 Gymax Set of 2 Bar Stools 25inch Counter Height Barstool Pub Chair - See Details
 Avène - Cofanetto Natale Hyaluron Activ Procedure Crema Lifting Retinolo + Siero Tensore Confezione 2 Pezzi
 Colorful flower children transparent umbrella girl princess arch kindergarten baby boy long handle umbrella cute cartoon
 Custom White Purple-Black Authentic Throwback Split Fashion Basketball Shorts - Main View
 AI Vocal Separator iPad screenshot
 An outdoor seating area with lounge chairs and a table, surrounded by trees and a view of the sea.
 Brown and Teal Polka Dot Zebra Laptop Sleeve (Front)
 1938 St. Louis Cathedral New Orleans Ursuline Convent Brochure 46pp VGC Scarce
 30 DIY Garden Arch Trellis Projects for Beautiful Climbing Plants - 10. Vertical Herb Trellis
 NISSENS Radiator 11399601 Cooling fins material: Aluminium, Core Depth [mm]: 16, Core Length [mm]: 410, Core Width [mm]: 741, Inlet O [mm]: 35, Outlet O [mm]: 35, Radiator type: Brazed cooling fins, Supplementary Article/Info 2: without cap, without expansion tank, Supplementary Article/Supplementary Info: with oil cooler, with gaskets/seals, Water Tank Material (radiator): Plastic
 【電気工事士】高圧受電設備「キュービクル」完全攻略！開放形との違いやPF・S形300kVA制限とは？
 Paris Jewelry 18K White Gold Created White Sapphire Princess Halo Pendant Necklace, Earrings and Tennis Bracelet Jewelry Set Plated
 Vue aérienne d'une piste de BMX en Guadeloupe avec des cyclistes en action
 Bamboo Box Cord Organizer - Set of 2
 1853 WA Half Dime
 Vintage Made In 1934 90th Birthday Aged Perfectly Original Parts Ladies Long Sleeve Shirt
——
About this exercise:
Every line above that holds the string "White" counts once; give the total and nothing more.

Result below:
2